Submitted by lospepes0 t3_yh1fb9 in wallstreetbets

Growth stocks have been hammered this year because of the prospect of higher interest rates. Using the future discounted cashflows valuation, higher interest rates mean higher discount rates in the denominator of the cashflows and lower valuations. However, higher inflation increases the multiplers of the cashflows and the valuations.

What matters is the annual difference between inflation and interest rates. The higher the difference, the higher the valuation.

Another factor is that companies may have lower returns in the next couple of years due to a recession, which lowers their valuation.

My point is:

Growth stocks don't need to worry as much about lower short term returns. Their short term returns were going to be small anyways compared to their long term returns.

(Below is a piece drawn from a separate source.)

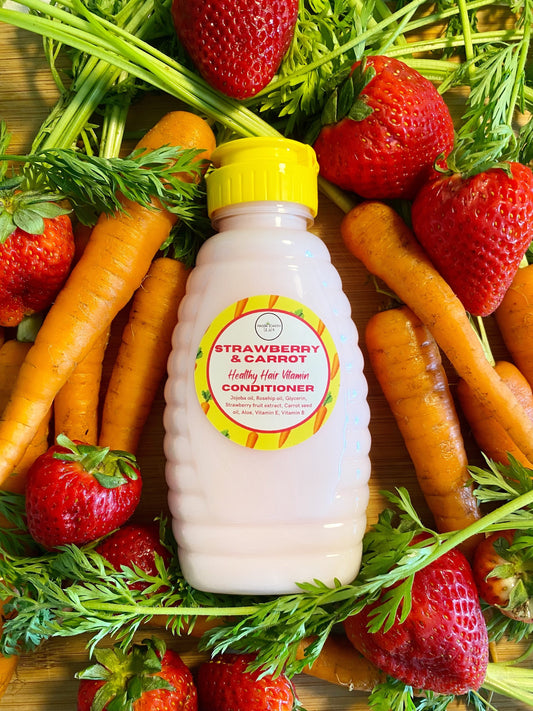 Strawberry Carrot Natural Conditioner for Healthy Hair 16 ounces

No need to worry about interest rates much either. They are still well below the inflation rate and the FED can't increase rates too much for too long because that will crash the economy and make national debt unsustainable. If they crash the economy they will have to lower rates again and keep doing more QE lol

On the other hand, we can't control inflation as much. There's currently a trend towards reversing globalization, which will increase prices no matter what interest rates are. This will decrease the revenue of many companies buying/selling goods internationally. However, a lot of growth stocks SELL services internationally, mostly software, communications, and entertainment. They aren't affected by commodities as much. Higher inflation means higher returns for these companies over the long run, which should increase their valuation. Plus many these companies have already fallen more than 30-40%...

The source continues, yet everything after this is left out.